It was an amazing sight Thursday, those thousands of people marching through the right field wagon gate at Busch Stadium, filing around the warning track to pay their last respects to Jack Buck. Jack would have been touched. He would also have been amused.

I can hear him now: "Next thing you know, they'll be sending out smoke signals announcing they've elected the next broadcaster."

A long time ago in a galaxy far away, it was my privilege to run in the some of the same circles that Jack Buck did. I spent six years in the press box at Busch Stadium with him, flew on many of the same airplanes, ate at the same tables, bet on a couple of the same dogs.

Very early in my career as a sports scribe, he invited me to dinner at a swanky restaurant in Los Angeles, a place full of movie stars and entertainment figures I should have known, but didn't. He did, but he treated me like the most important person in the place.

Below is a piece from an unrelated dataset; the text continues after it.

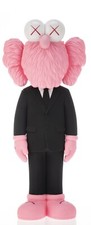 KAWS X Dior BFF Companion (Pink) Store Display RARE UNRELEASED picture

A couple of times, when we both had deadline problems on getaway days at Wrigley Field or Montreal, we interviewed each other. "Great journalism, huh?" he'd say. Later, I spent six years working at KMOX radio, where our paths would sometimes intersect. "Mr. Buck, sir," I would greet him, and then insult whatever he was wearing.

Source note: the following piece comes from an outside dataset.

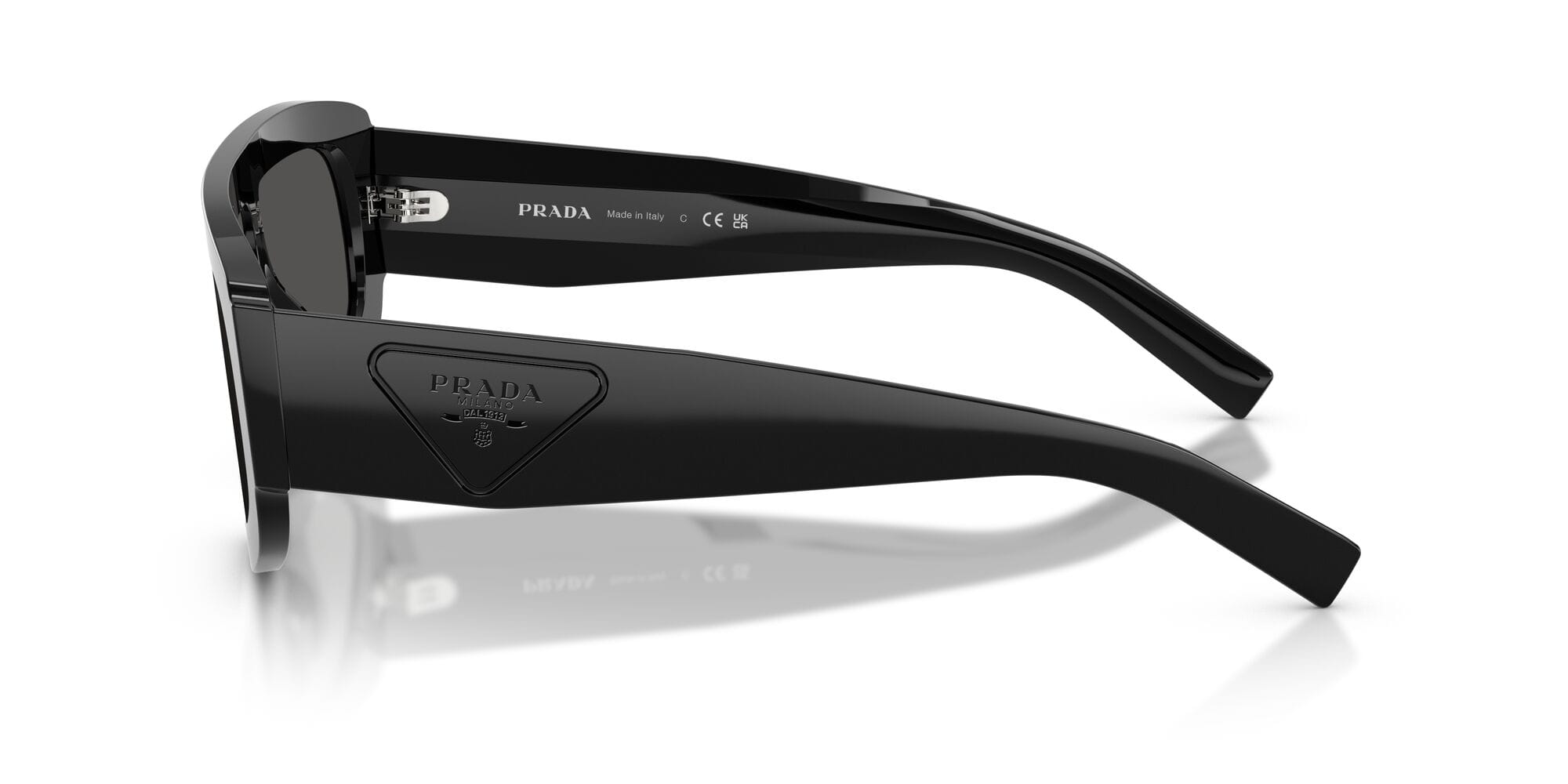 SPRD10S 16K08Z black/dark grey lens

"Howya doin', kid?" he'd say. "I see they're still feeding you pretty well."

In those years, the early '90s, an appearance by Jack Buck in the KMOX offices was something akin to a state visit. Officially, he was the sports director, but Jack usually showed up only to cut commercials. The station charged a premium to advertisers who wanted Buck to voice their spots, and he could knock out a dozen in a half hour, each one worth an extra $200 or so every time it ran. Jack was the franchise.

He'd park his Lincoln in the underground garage at No. 1 Memorial Drive in whatever big shot's parking space was open, secure in the knowledge that no one was going to tow Jack Buck's car. He'd stroll off the private elevator, a toothpick in his mouth and begin saying hello to people. Sometimes he'd sit in on whatever show was on the air, talking casually and knowledgeably about whatever subject came up.

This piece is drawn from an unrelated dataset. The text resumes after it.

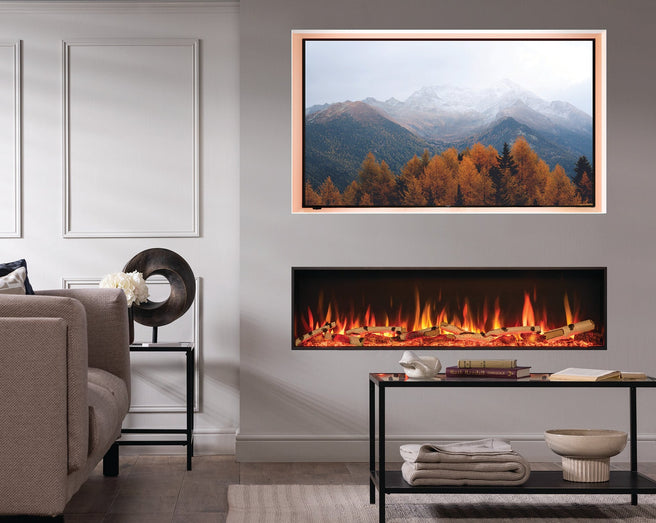 Gazco eStudio 135R Inset LED Electric Fire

From time to time, I'd write him into the promotional spots for the show Charlie Brennan and I hosted. The gag was always the same . . . a man on the street interview with someone who knew nothing about the show. The inside joke, which every listener would get, was the voice - that gravelly baritone. The promos were usually better than the show.

Jack was the last of the titans, the people around whom Robert F. Hyland had built the most successful radio station in the country. Hyland had always practiced creative accounting, hiring a lot of people just to keep them from going on the air somewhere else, making special side deals and operating like Don Corleone, only scarier. Lord only knows what he was paying Jack Buck, but whatever it was, it was worth it.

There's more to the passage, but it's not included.